The task = Exactly the lines from the beginning of the records below through the line with "Търговски марки изобразително" must be given again, without pictures.

Collection entries =
Segment Open

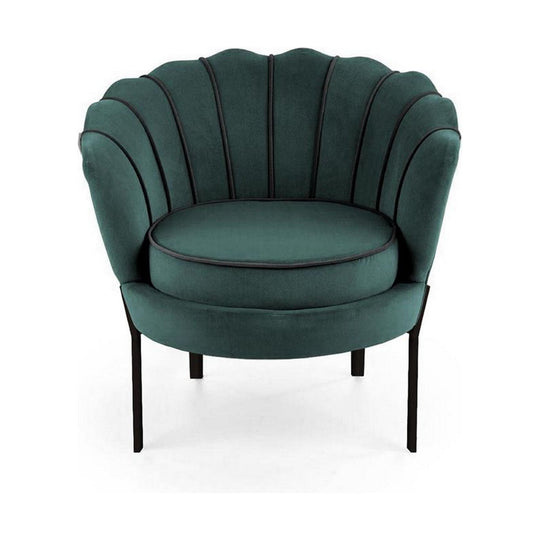 Fotoliu ANGELO, verde/negru, stofa catifelata, 73x73x75 cm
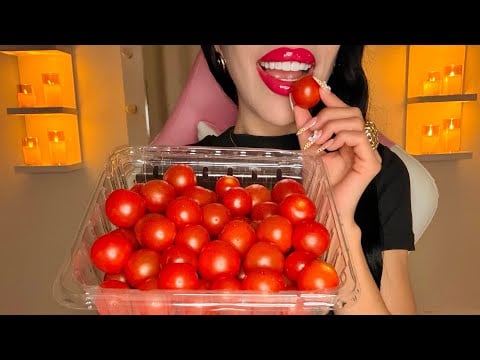 ASMR COMIENDO JITOMATES CHERRY🍅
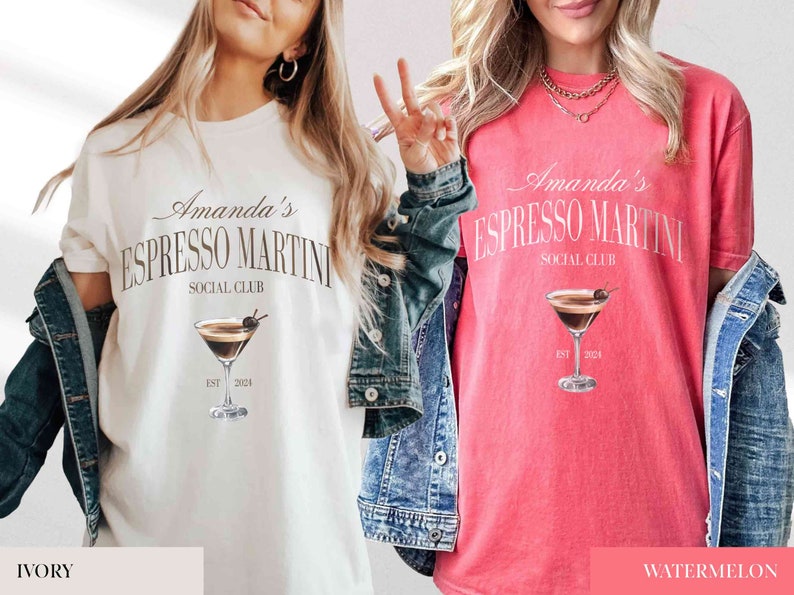 Custom espresso martini lover, personalised bachelorette party shirt, cute drinking shirt, martini crewneck tshirt, funny drinking crewneck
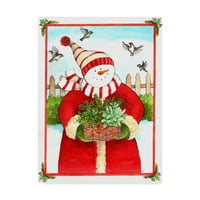 Търговски марки изобразително изкуство 'снежен човек подарък кошница' платно изкуство от Мелинда Хипшър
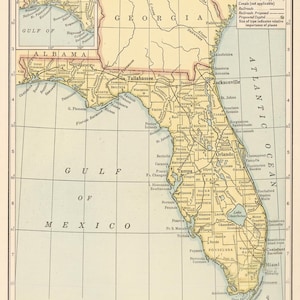 Vintage kaart van Florida, antieke muurdecoratie van de Golfkust, digitale download om af te drukken, historische poster van de Florida Panhandle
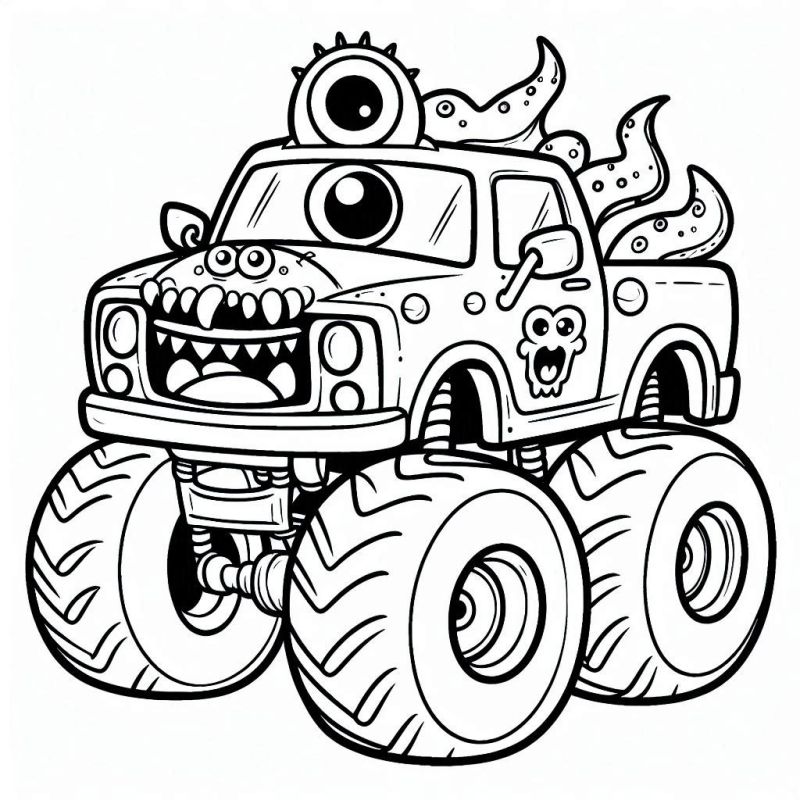 desenho de caminhão monstro para pintar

Segment Closed

Completed task =
 Fotoliu ANGELO, verde/negru, stofa catifelata, 73x73x75 cm
 ASMR COMIENDO JITOMATES CHERRY🍅
 Custom espresso martini lover, personalised bachelorette party shirt, cute drinking shirt, martini crewneck tshirt, funny drinking crewneck
 Търговски марки изобразително изкуство 'снежен човек подарък кошница' платно изкуство от Мелинда Хипшър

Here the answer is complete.